Your One & Only(8)



The laughter stopped as abruptly as it’d started, and even from a distance Jack could tell that smiles had spread across their faces as if they’d all heard the same joke at the same time, though nothing had been said. There were no words in this game. Another eruption of laughter ran through the group in eerie unison.

Sam had once tried to describe communing to Jack. He’d had difficulty finding the right words, like describing colors to someone who’d never seen them. He said communing was like a murmuring, a sort of whisper of emotions passing from one clone to another when they touched or were close. They didn’t know each other’s thoughts, but they sensed each other’s feelings.

Jack couldn’t commune, of course. He could never play their strange, silent games, and maybe they’d never let him participate in their rituals and ceremonies. But why shouldn’t he be in the Declaration? It only happened once, and then they could send him back to his room in the labs and forget again that he ever existed. What harm would it do to let him be part of the community in this small way? He hadn’t asked to exist. He’d heard the Council talk. They called him an experiment, like one of their genetically modified cows. They called him a de-extinction project, and maybe they called him an accident, but they had created him.

Earlier that morning, the jagged cliffs in the distance had been covered in gray mist, now burned away. They’d looked like prehistoric beasts hiding under the earth. Jack wondered, as he always did, what lay beyond those hills.

“I could leave,” Jack said. “Grab supplies, go to the jungle.
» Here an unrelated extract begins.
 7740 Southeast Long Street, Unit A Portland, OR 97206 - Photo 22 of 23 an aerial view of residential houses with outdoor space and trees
Nobody would care anyway.”

“You can’t leave.”

“Why not?”

“Because,” Sam said, puffing out his cheeks, “you would die in the jungle. You can’t survive out there alone. I’ve kept you safe here because Inga-296 asked me to. I’m not going to stop now. She said we needed you.”

“That’s a joke, Sam. No one here needs me.”
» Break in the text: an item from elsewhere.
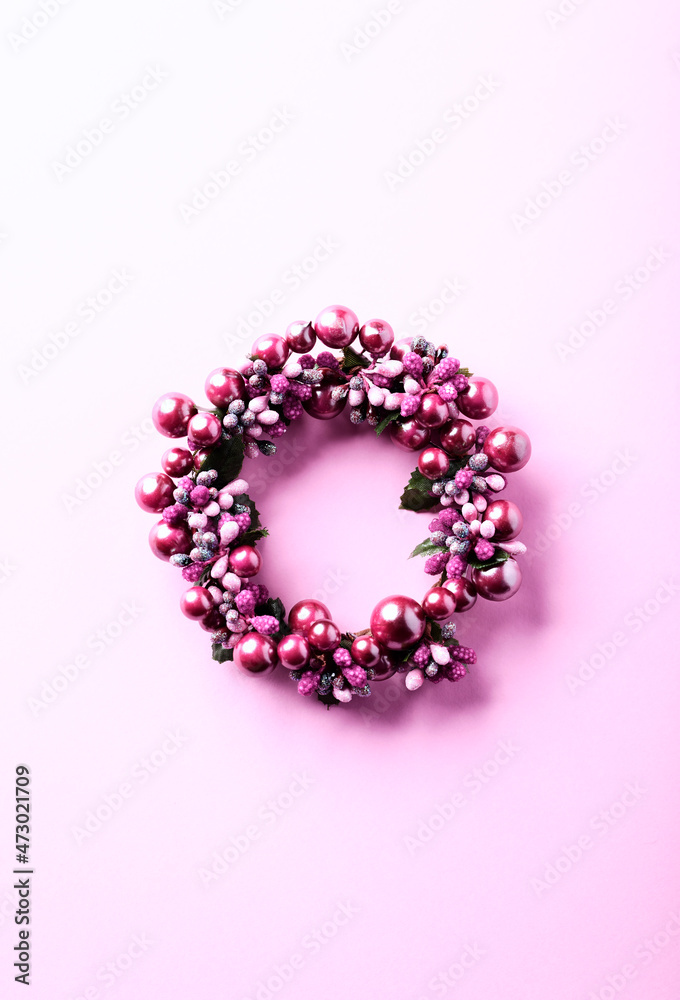 Christmas Wreath on bright paper background. Top view. Copy space.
Sam’s eyes lingered on the baseball that had fallen idle in Jack’s hands. “I know you come here because of the Inga. I know you miss her.”
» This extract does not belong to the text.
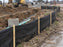 Silt fence installed beside a utility trench with pipe at a construction site
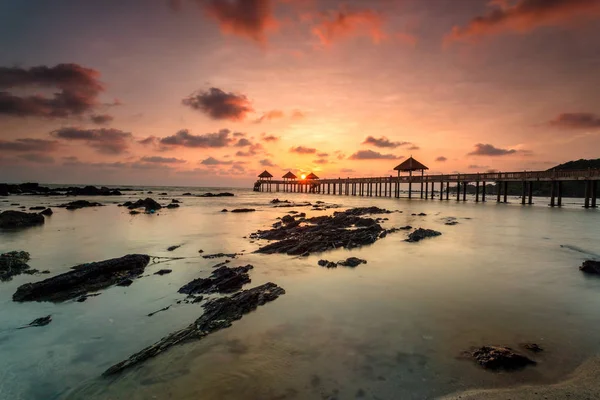 Una imagen de larga exposición del amanecer dorado con embarcadero de piedra — Foto de Stock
Jack touched the bead around his neck. He was surprised Sam had mentioned her. Inga-296 had called herself Jack’s mother, even though mothers didn’t exist in Vispera. Jack hadn’t cried about her in years, not since he was little, because early on he’d sensed too keenly Sam’s discomfort with Jack’s emotions at losing her. It was one of the many things that kept Jack apart from everyone else. The clones didn’t miss anyone. They saw themselves as the countless iterations that they were. A part of a whole. Replaceable. But Inga, his mother, had been different from anyone else in Vispera. She’d been different from the other Ingas. She had loved him.

“Of course I miss her. She was my mother.”

“Yes, your mother.” Jack noticed how the word mother rolled in Sam’s mouth, foreign and strange. Not unpleasant, just something to work his tongue around, like a sour candy. “I didn’t agree with her using that term, but she’d taken charge of the experiment, so I didn’t argue. Now I think perhaps I should have.” Sam spoke more to himself than to Jack. “And maybe it was a mistake for her to give you all those books.”

Sam was talking about the human books. The ones Sam never read. Jack had learned about humans by reading those books, and one of the things he’d learned was how, even though the humans couldn’t commune, they still cared about each other. Maybe it would never be enough to tell Sam how he felt and Sam was capable of caring about someone only if emotions emanated from them like a cloud of reeking smoke.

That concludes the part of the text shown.